Romney officially heads the Republican party and his handmaid, Trump, is trumpeting his success at making stupidity a made-in-America commodity.
We are slouching toward a slough of despond!
Yeah, I guess I'm mixing literary metaphors, but tough times call for tough measures.
Is there good news anywhere? No!
The most boring member of a bizarre band of brothers competing in a totally witless primary has, unthinkably, achieved stature as the leader of a party whose name conjures up a litany of Romney-inspired terms:
Money, absurdity, larceny, money, acrimony, tyranny, hegemony, villainy, money, gluttony, calumny, money, felony, cupidity, mendacity and, maybe, above all, monotony.
The European economy is on the verge of collapse; Syria and Iran and Israel are lighting the fires of catastrophe; Islamic zealotry and Christian hypocrisy have the world by its short hairs and, into this potentially monumental conflagration, slouches a man with a name that rhymes with all that is wrong with this world. Romney!

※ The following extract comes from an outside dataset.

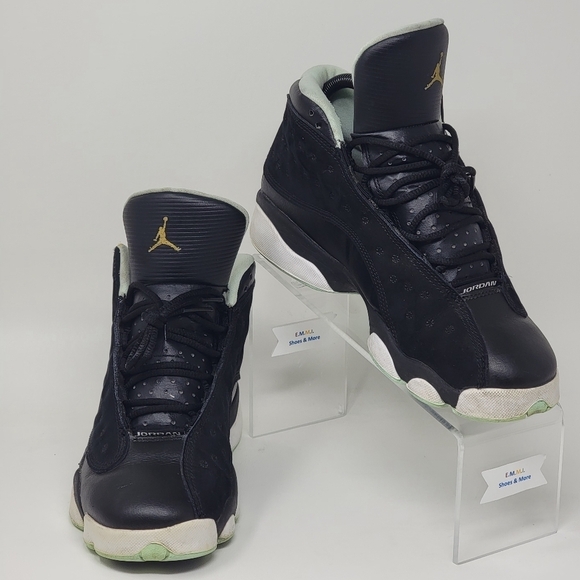 Nike Air Jordan 13 Retro Black Mint Foam GS439358-015 Youth Size 6Y Pre-owned - Picture 3 of 11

It's all too much to bear.
Every day a new poll appears that shows this totally useless excuse for a paragon of virtue, is gaining on the good and sensible.
Every day we hear reports that Rove, the giver of eight years of Georgie Porgie & Co., is readying his army of evil elves to bury sanity and even-handed justice under a pile of stinking cash that will keep us down and dirty forever.
The merry month of May is sinking under the weight of the prospect of a summer of no-good, lousy news. And I can't do a thing about it.